The biopsy showed focal areas of glomeruli
that were sclerosed in segments.
Glomerular injury 5
The fire was too severe to be quenched with
steroids and it was already too late to prevent Prem Bahadur’s kidney from
blowing up in smoke.
He received a few more dialysis from Kathmandu and spent whatever money he had earned over the
past few months. His brothers came forward to donate their kidneys for
transplantation but that would mean selling off their land and cattle to go to
one of the hospitals in India and Prem Bahadur wasn’t keen on that. The next
slide is a Haiku sequence, which was mailed to me by a friend right after 9/11.
Glomerular injury 6
The last I heard of him was through one of
our medical students also from the same village. Prem was spending his last
days in deathbed with his family praying for him daily and it would be a matter
of days or months before death would take him.

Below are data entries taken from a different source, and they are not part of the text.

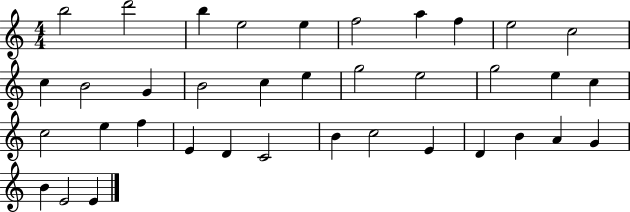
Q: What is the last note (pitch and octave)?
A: E4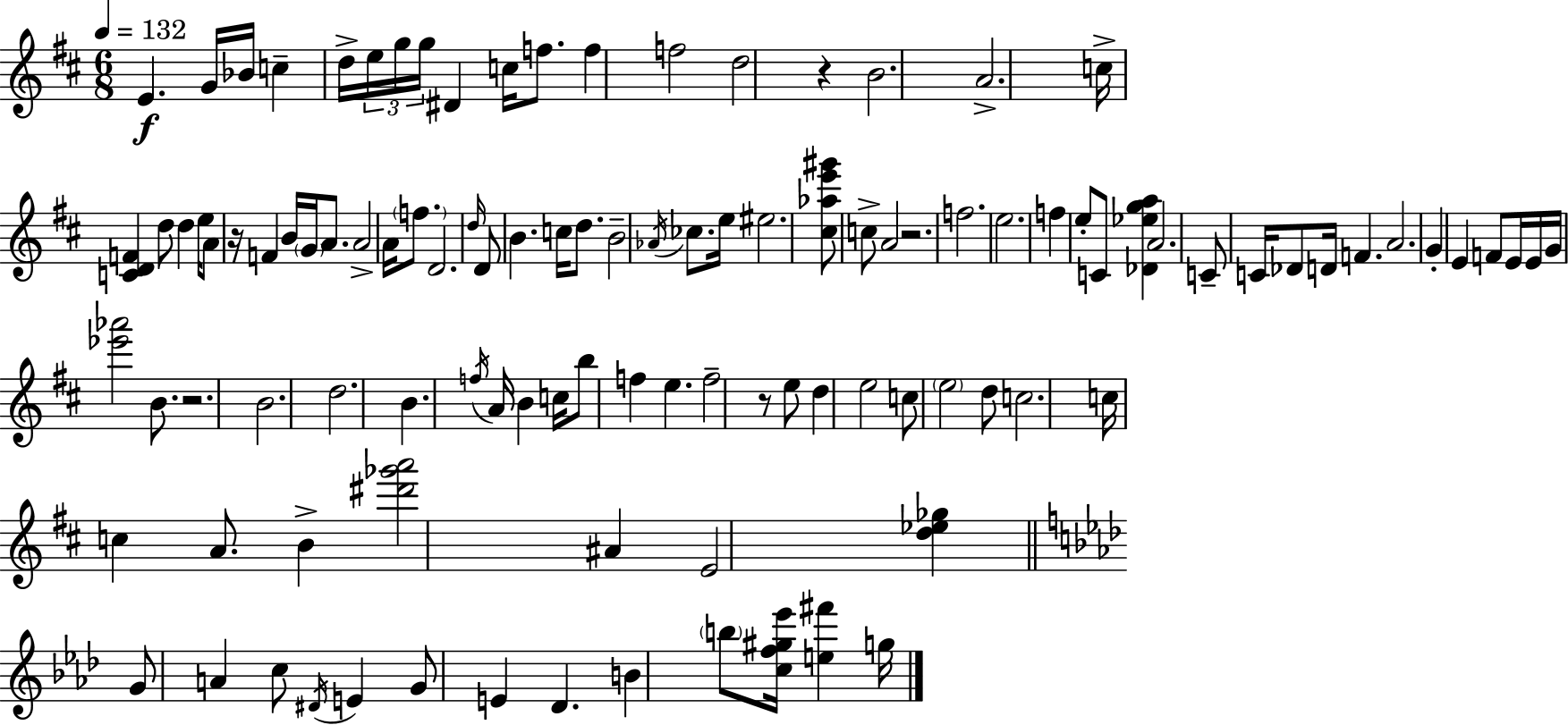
{
  \clef treble
  \numericTimeSignature
  \time 6/8
  \key d \major
  \tempo 4 = 132
  e'4.\f g'16 bes'16 c''4-- | d''16-> \tuplet 3/2 { e''16 g''16 g''16 } dis'4 c''16 f''8. | f''4 f''2 | d''2 r4 | \break b'2. | a'2.-> | c''16-> <c' d' f'>4 d''8 d''4 e''16 | a'8 r16 f'4 b'16 \parenthesize g'16 a'8. | \break a'2-> a'16 \parenthesize f''8. | d'2. | \grace { d''16 } d'8 b'4. c''16 d''8. | b'2-- \acciaccatura { aes'16 } ces''8. | \break e''16 eis''2. | <cis'' aes'' e''' gis'''>8 c''8-> a'2 | r2. | f''2. | \break e''2. | f''4 e''8-. c'8 <des' ees'' g'' a''>4 | a'2. | c'8-- c'16 des'8 d'16 f'4. | \break a'2. | g'4-. e'4 f'8 | e'16 e'16 g'16 <ees''' aes'''>2 b'8. | r2. | \break b'2. | d''2. | b'4. \acciaccatura { f''16 } a'16 b'4 | c''16 b''8 f''4 e''4. | \break f''2-- r8 | e''8 d''4 e''2 | c''8 \parenthesize e''2 | d''8 c''2. | \break c''16 c''4 a'8. b'4-> | <dis''' ges''' a'''>2 ais'4 | e'2 <d'' ees'' ges''>4 | \bar "||" \break \key f \minor g'8 a'4 c''8 \acciaccatura { dis'16 } e'4 | g'8 e'4 des'4. | b'4 \parenthesize b''8 <c'' f'' gis'' ees'''>16 <e'' fis'''>4 | g''16 \bar "|."
}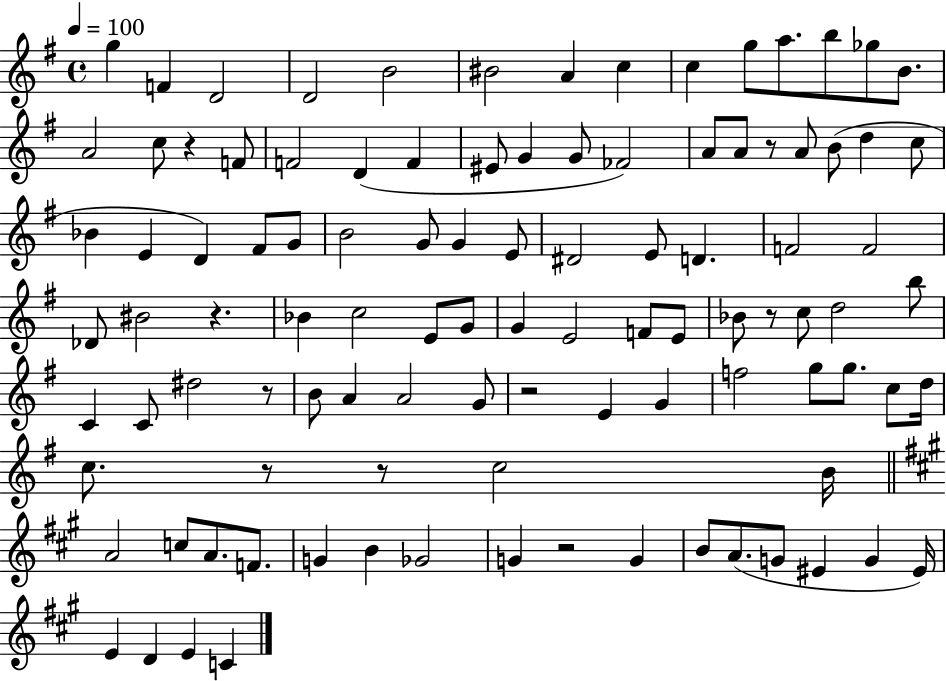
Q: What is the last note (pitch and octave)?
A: C4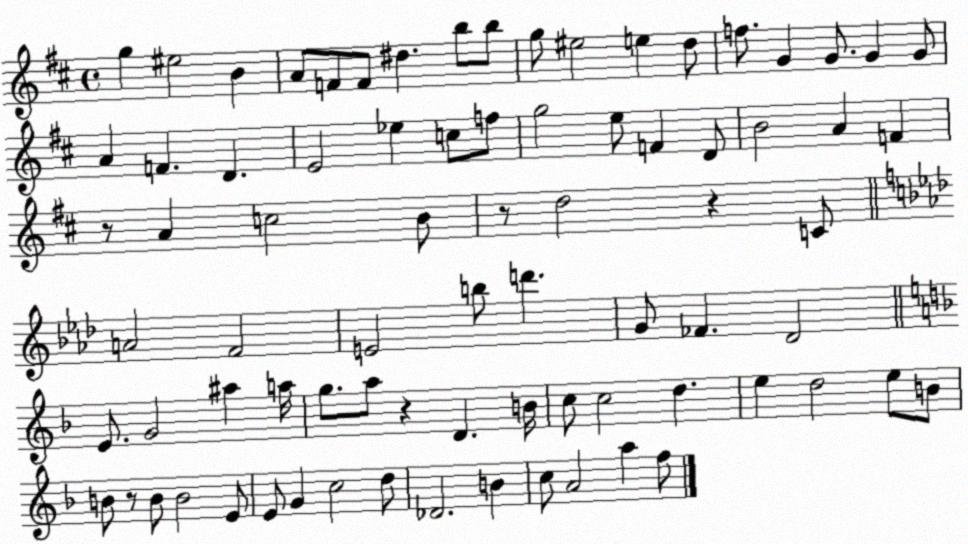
X:1
T:Untitled
M:4/4
L:1/4
K:D
g ^e2 B A/2 F/2 F/2 ^d b/2 b/2 g/2 ^e2 e d/2 f/2 G G/2 G G/2 A F D E2 _e c/2 f/2 g2 e/2 F D/2 B2 A F z/2 A c2 B/2 z/2 d2 z C/2 A2 F2 E2 b/2 d' G/2 _F _D2 E/2 G2 ^a a/4 g/2 a/2 z D B/4 c/2 c2 d e d2 e/2 B/2 B/2 z/2 B/2 B2 E/2 E/2 G c2 d/2 _D2 B c/2 A2 a f/2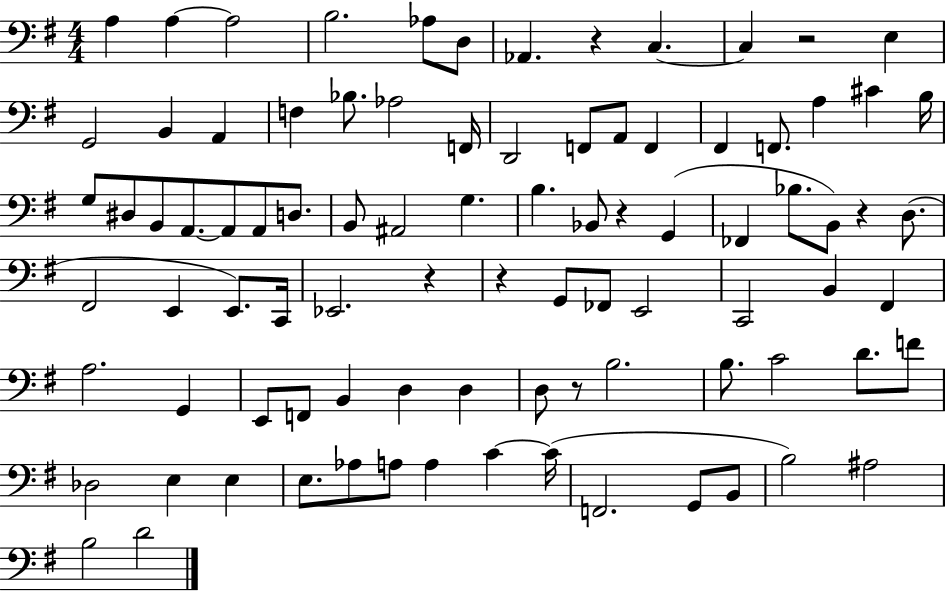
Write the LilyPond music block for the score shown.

{
  \clef bass
  \numericTimeSignature
  \time 4/4
  \key g \major
  a4 a4~~ a2 | b2. aes8 d8 | aes,4. r4 c4.~~ | c4 r2 e4 | \break g,2 b,4 a,4 | f4 bes8. aes2 f,16 | d,2 f,8 a,8 f,4 | fis,4 f,8. a4 cis'4 b16 | \break g8 dis8 b,8 a,8.~~ a,8 a,8 d8. | b,8 ais,2 g4. | b4. bes,8 r4 g,4( | fes,4 bes8. b,8) r4 d8.( | \break fis,2 e,4 e,8.) c,16 | ees,2. r4 | r4 g,8 fes,8 e,2 | c,2 b,4 fis,4 | \break a2. g,4 | e,8 f,8 b,4 d4 d4 | d8 r8 b2. | b8. c'2 d'8. f'8 | \break des2 e4 e4 | e8. aes8 a8 a4 c'4~~ c'16( | f,2. g,8 b,8 | b2) ais2 | \break b2 d'2 | \bar "|."
}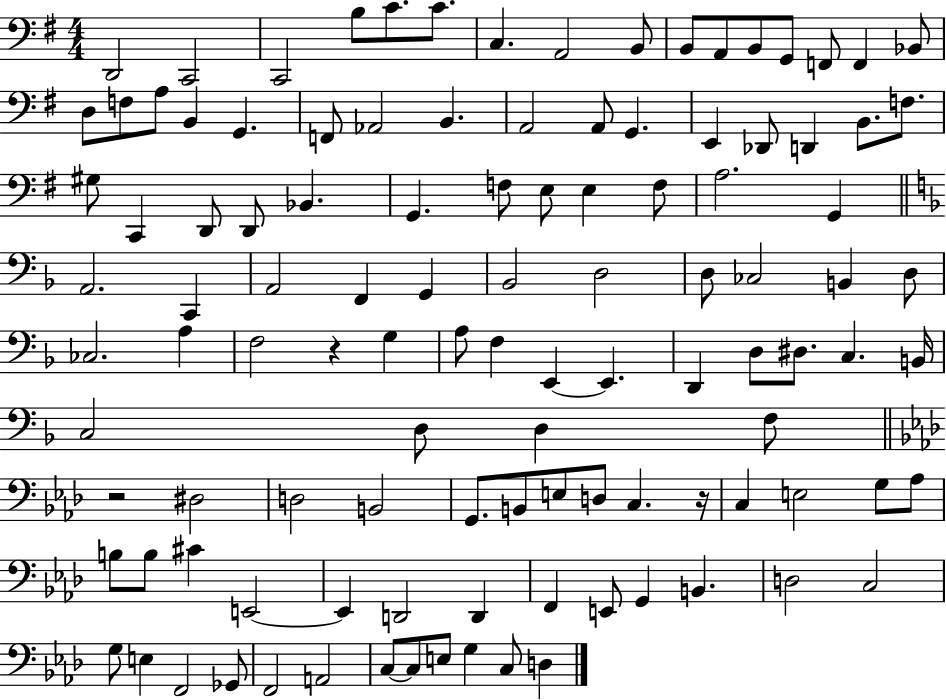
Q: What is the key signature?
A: G major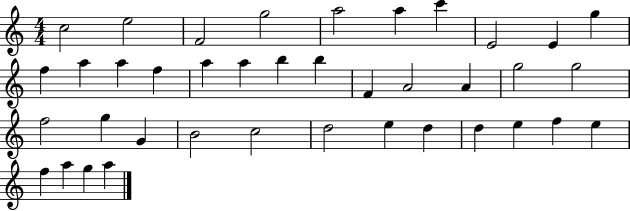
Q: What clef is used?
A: treble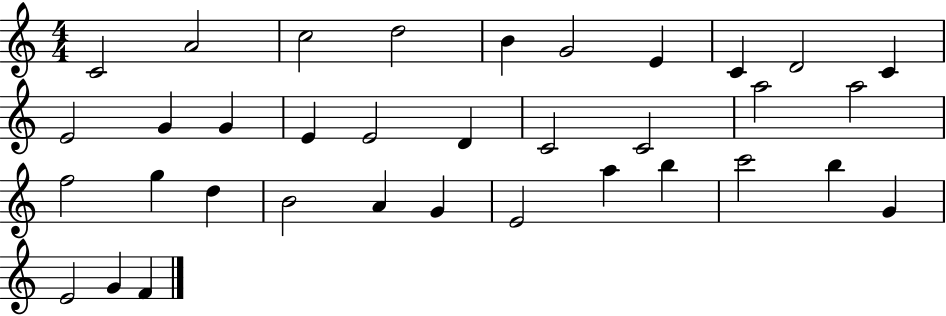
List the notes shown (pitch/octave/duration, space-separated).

C4/h A4/h C5/h D5/h B4/q G4/h E4/q C4/q D4/h C4/q E4/h G4/q G4/q E4/q E4/h D4/q C4/h C4/h A5/h A5/h F5/h G5/q D5/q B4/h A4/q G4/q E4/h A5/q B5/q C6/h B5/q G4/q E4/h G4/q F4/q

This is a summary of the story of
glomerular injury taken from Harrison’s principles of Internal Medicine which
describes how it’s initiated by breakdown of tolerance leading to reactivity of
antibodies with planted glomerular antigens which in turn generates a chemical
cytokine mediated response leading to proliferation of inflammatory cells and
subsequent irreversible renal damage (in a substantial number of people).
Glomerular injury 7
The key word here is tolerance and (next
slide).
Tolerance is fast becoming popular in
transplantation research but we need tolerance urgently before the need for
transplantation arises to save our native kidneys (before the inflammatory
cells attack them). As much as we need tolerance to save this Earth before a
full-fledged war breaks out. That is the problem of glomerular injury for we
don’t really know why this breakdown of tolerance occurs. We don’t even know
why hypertension or diabetes occur (for that matter). Our present strategy is
only to control them in the hope of slowing the progression of renal disease.